--- START ---

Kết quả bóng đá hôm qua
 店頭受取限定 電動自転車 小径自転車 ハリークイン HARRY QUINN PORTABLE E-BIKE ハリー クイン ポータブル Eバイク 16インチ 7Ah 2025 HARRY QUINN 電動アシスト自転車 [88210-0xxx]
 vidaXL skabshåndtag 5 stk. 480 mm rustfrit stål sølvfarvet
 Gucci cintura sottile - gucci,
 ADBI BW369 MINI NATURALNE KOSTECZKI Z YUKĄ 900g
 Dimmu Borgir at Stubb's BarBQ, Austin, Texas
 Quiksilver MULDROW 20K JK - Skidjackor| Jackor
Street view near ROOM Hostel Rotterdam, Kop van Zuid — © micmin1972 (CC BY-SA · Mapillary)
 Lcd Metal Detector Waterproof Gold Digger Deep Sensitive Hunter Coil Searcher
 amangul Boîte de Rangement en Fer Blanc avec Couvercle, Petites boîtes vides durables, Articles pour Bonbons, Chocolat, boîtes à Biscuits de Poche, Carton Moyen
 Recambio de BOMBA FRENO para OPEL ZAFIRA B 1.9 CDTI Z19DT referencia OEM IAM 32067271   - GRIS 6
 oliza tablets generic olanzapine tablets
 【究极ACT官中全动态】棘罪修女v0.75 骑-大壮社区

--- END ---

- Instructions to follow
Every record should be given again exactly.

- Answer section
Kết quả bóng đá hôm qua
 店頭受取限定 電動自転車 小径自転車 ハリークイン HARRY QUINN PORTABLE E-BIKE ハリー クイン ポータブル Eバイク 16インチ 7Ah 2025 HARRY QUINN 電動アシスト自転車 [88210-0xxx]
 vidaXL skabshåndtag 5 stk. 480 mm rustfrit stål sølvfarvet
 Gucci cintura sottile - gucci,
 ADBI BW369 MINI NATURALNE KOSTECZKI Z YUKĄ 900g
 Dimmu Borgir at Stubb's BarBQ, Austin, Texas
 Quiksilver MULDROW 20K JK - Skidjackor| Jackor
Street view near ROOM Hostel Rotterdam, Kop van Zuid — © micmin1972 (CC BY-SA · Mapillary)
 Lcd Metal Detector Waterproof Gold Digger Deep Sensitive Hunter Coil Searcher
 amangul Boîte de Rangement en Fer Blanc avec Couvercle, Petites boîtes vides durables, Articles pour Bonbons, Chocolat, boîtes à Biscuits de Poche, Carton Moyen
 Recambio de BOMBA FRENO para OPEL ZAFIRA B 1.9 CDTI Z19DT referencia OEM IAM 32067271   - GRIS 6
 oliza tablets generic olanzapine tablets
 【究极ACT官中全动态】棘罪修女v0.75 骑-大壮社区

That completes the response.